There is a common misconception that humans are capable of driving without help from connected infrastructure (V2X) and that, by extension, autonomous vehicles (AVs) will eventually be able to as well. However, despite incredible advances in AV tech, fundamental hurdles remain.
For example, recent tests showed Uber’s AV fleet “needed to drive 20 percent slower to match the reaction time of a human driver at 25 mph”. Perhaps more tellingly, Waymo vehicles still feel frustratingly hesitant when making unprotected left hand turns, despite an early head start and the advantage of having millions of testing miles in development.
It’s easy to think these are just tech problems, and it’s very likely AVs will continue to get dramatically better in the next few years. Unfortunately, human drivers also struggle with similar conflict points, they’re just more willing to take risks. Faced with navigating a busy left-hand turn, we will eventually pull out, even if it’s not safe. Humans’ frustration sliding scale expands the longer they are asked to wait. As our wait time increases, there is a corresponding decrease in our patience. At some point, we willingly trade safety for efficiency and make dangerous moves. When we make mistakes, the results can be deadly.
A 2009 study suggests that 42 percent of motorcycle accidents occur at intersections when drivers make unprotected turns across oncoming bikers the drivers did not see. In total, there were 37,133 traffic-related deaths in the US in 2017. Traffic accidents account for almost 25 percent of deaths for people aged 15 to 24. Clearly, there is a huge problem with our driving. We may have largely accepted these risks, but are we willing to let software make these same trade-offs?
In March 2018, an autonomous Uber test vehicle struck and killed a pedestrian in Tempe, Arizona. The public reaction was swift and brutal. Uber was sharply, and rightly, criticized for trading down safety. Ironically, this is what human drivers do every day – even AV safety drivers. Last October, a Waymo vehicle collided with a motorcycle after the safety driver took manual control in order to complete a slow lane change (Waymo claims the computer was hesitant precisely because it saw the motorcycle).
So long as software is tasked with proving a negative (that no obstacle exists in the vehicle’s travel path) there will always be accidents.
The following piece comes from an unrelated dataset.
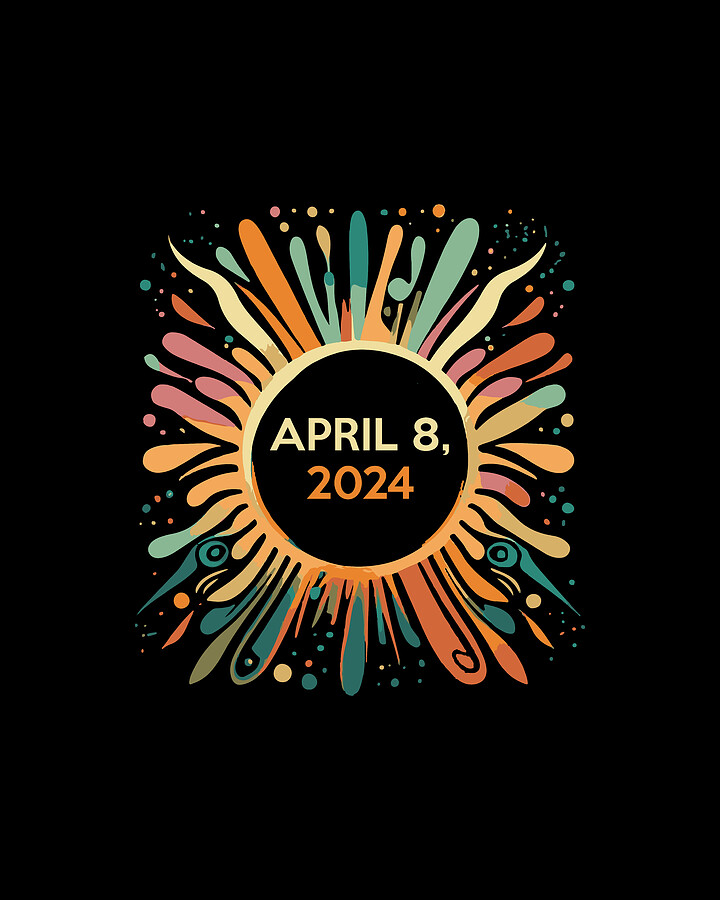 Total Eclipse April 8 2024 Totality Digital Art by Flippin Sweet Gear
Vehicles, like humans, can only see so much. It is very hard to know if you can’t see a pedestrian because there is no pedestrian, or because they are simply out of view (or hidden in a sensor glitch).
These limitations are serious – 88 percent of AV crashes reported to the California DMV between 2014 and 2018 occurred at traffic signals – and no amount of on-vehicle tech can ever fully solve this issue. Connected infrastructure is the critical last piece of the AV puzzle.
Instead of relying exclusively on vehicle-side sensors, safe AVs should also be listening to the infrastructure to better understand a dynamic environment they can never fully see on their own. Modern traffic signal platforms, for example, employ software algorithms (AI) to analyze traffic data in search of intelligence, such as near misses, impending collisions, and changes in travel demand. New technology feeds that intelligence back into both the vehicles and the infrastructure in actionable ways that improve safety and efficiency.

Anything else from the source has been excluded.